Mesmo com todas as ameaças já feitas à democracia pelo presidente da República, que geraram a Carta às Brasileiras e aos Brasileiros, parte da grande mídia continua apostando em uma certa igualação-comparação entre as duas candidaturas que lideram as pesquisas.

Trata-se da "tese dos dois demônios". E, com isso, a violência de uma candidatura justifica a outra.

Das duas, uma. Ou a tese dos dois demônios é um raso truque retórico pelo qual se temos que, inexoravelmente, criticar um amigo (ou ex-amigo; e a imprensa flertou sobremodo com Bolsonaro), temos de, ao mesmo tempo, esculhambar um inimigo, arrastando-o para o mesmo terreno da infâmia, ou os formadores de opinião não compreendem o momento histórico: já não se trata de uma eleição, mas de um referendo.

Manifestantes em atos de 7 de Setembro de 2021 - Pedro Ladeira - 7.set.21/Folhapress

O ápice: jornais noticiam que o Supremo Tribunal Federal possui um plano de resgate para o caso de ataque aos ministros. Então isso é normal? Possível ataque físico ao STF e a seus membros é produto da "polarização"? Ou há algo mais no ar que os aviões de carreira?

Isto é: o Brasil está em uma encruzilhada —e só por isso foi lançada a carta no largo da USP. Se ainda não compreendemos e nos preocupamos em fazer comparações pseudamente neutrais das virtudes e defeitos de Lula (PT) e de Jair Bolsonaro (PL), é porque o cavalo está passando encilhado e pode derrubar o dono e quebrar o celeiro todo.

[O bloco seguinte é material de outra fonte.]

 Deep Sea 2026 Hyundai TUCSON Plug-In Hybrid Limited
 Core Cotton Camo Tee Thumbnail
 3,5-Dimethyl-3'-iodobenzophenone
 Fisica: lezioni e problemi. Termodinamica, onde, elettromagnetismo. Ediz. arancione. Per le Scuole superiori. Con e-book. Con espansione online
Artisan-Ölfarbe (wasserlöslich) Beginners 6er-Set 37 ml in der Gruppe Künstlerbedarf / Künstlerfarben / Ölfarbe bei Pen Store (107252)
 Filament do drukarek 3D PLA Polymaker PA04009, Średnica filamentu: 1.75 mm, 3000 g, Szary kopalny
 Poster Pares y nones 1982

O que levaria o STF a temer pela integridade de seu prédio e seus ministros? Mistério? Se não conseguirmos responder a essa pergunta é porque talvez tenhamos perdido o trem da história e a própria capacidade de separar o joio do trigo. O que é isso —a democracia?

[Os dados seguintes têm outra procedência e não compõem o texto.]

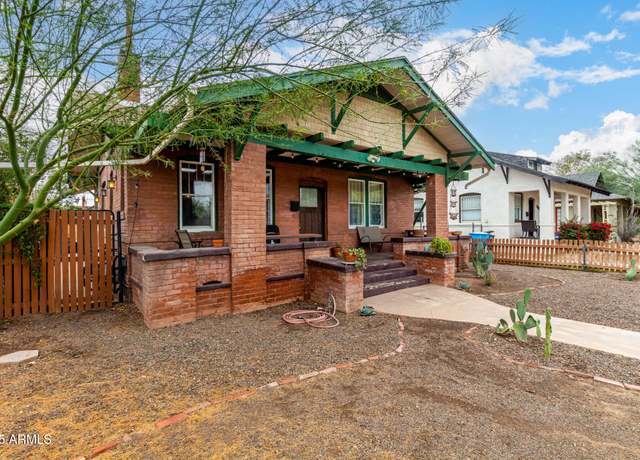 Property at 1309 W Woodland Ave, Phoenix, AZ 85007, 3 beds, 2 baths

Que democracia é essa que precisamos de plano de contingência para o Supremo? Acordemos, pois.

Pior: não nos perguntamos por qual razão a carta foi necessária. E porque o guardião da Constituição —o STF— está em perigo.

O receio dos formadores de opinião em fazer críticas diretas ao establishment parece mostrar que a história lhes passa pelos olhos e ouvidos sem que se deem conta. Para eles parece que "tudo vai bem".

Tudo vai bem no Brasil? Pois é. "Brasil - a Festa Continua": faço aqui uma paródia ao livro de Alan Riding, "Paris - a Festa Continuou", que trata da vida cultural da cidade durante a ocupação nazista. Há uma bela passagem, que fala de uma canção popular de 1936, composta por Ray Ventura, chamada "Tout Va Très Bien, Madame La Marquise" ("Tudo Vai Bem, Madame La Marquise").

A canção denunciava o que a França fingia não ver: o cataclismo que se aproximava. Na canção, os empregados de uma aristocrata continuavam a lhe assegurar que tudo estava bem, embora um incêndio tomara conta de seu castelo, destruindo os estábulos e matando a sua égua premiada. Além disso, o marido da madame cometera suicídio, mas, ainda assim, não havia com o que se preocupar, porque "tout va très bien, madame La Marquise".

Também há o filme italiano "Stanno Tutti Bene" (1990), com Marcello Mastroianni (os filhos estavam todos "bem": mas o que era maestro, na verdade, apenas tocava tambor!).

Daí a pergunta: tudo vai bem nos 200 anos da Independência? Mais uma pergunta, agora final: se o plano de contingência do STF falhar, qual será o nosso plano de resgate?